#### Brief:
State only the count of lines in the listing below that hold "image".

#### Data:
------------

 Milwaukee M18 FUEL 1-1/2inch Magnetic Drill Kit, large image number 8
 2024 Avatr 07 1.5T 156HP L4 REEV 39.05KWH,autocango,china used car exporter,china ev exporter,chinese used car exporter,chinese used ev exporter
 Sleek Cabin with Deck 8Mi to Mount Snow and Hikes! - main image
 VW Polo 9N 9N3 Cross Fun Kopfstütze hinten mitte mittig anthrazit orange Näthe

------------

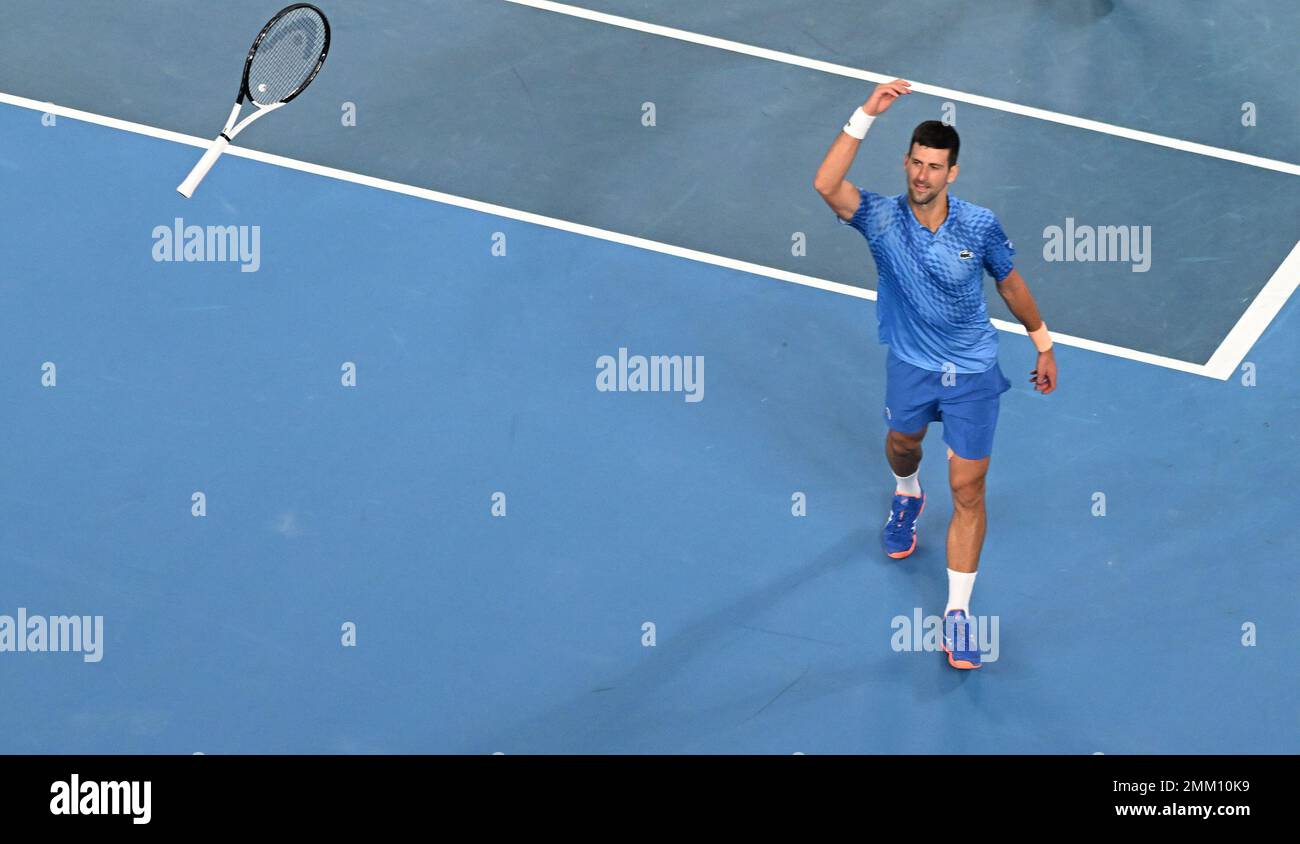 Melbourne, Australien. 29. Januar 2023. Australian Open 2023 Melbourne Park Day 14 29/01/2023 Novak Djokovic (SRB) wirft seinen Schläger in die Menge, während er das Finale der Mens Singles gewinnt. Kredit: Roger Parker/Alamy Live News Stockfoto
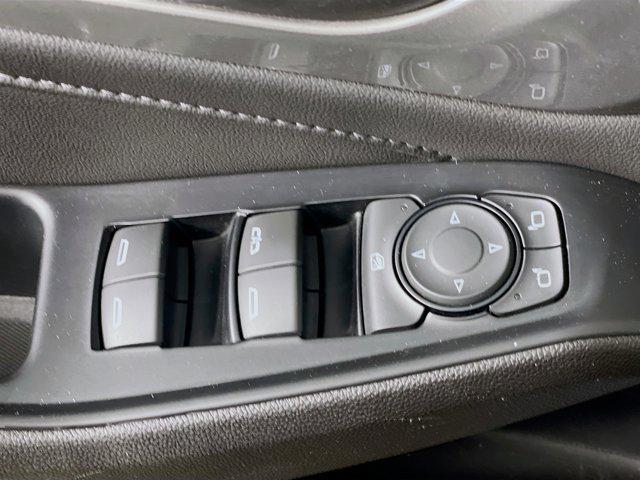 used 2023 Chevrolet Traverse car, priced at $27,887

------------

#### Output for this exercise:
2